It wraps up with “Escape to Thin Mountain,” which takes its title from Thomas Ligotti’s “Ten Steps to Thin Mountain.” By this point in the collection, the reader has no idea what to make of the little girl’s song. Is she really singing it or being made to sing it? Are we really hearing it or just tricked into thinking that we’re hearing it? Is there even a little girl at all? And are we really on a train?
So who should read this collection? It’s a bit of an acquired taste. More than a bit, to be perfectly honest. Try reading “20 Simple Steps to Ventriloquism” first and, if you like it, invest in the story collection. You can read it for free on the Lovecraft ezine or listen to the author read it at Pseudopod.

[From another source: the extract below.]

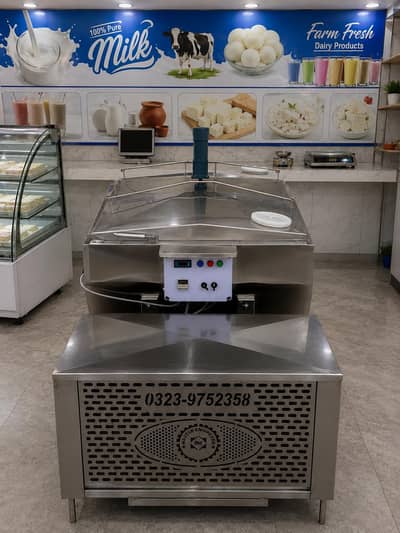 Milk Chiller Milk Boiler Milk packing machine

If you like that sample story, you can pick up the whole collection in print or electronic versions at Amazon or other online bookstores. Good luck.
* Another of those long-time fans is me. Someday I’ll tell you about the mysterious circumstances surrounding my attempt at acquiring a first edition of Songs of a Dead Dreamer. Fortunately, I was unsuccessful.
Michael Penkas has been writing horror, mystery, science fiction, and fantasy stories for years. His first mystery novel, Mistress Bunny and the Cancelled Client, is available in print and electronic editions. Learn more about his work at www.michaelpenkas.com.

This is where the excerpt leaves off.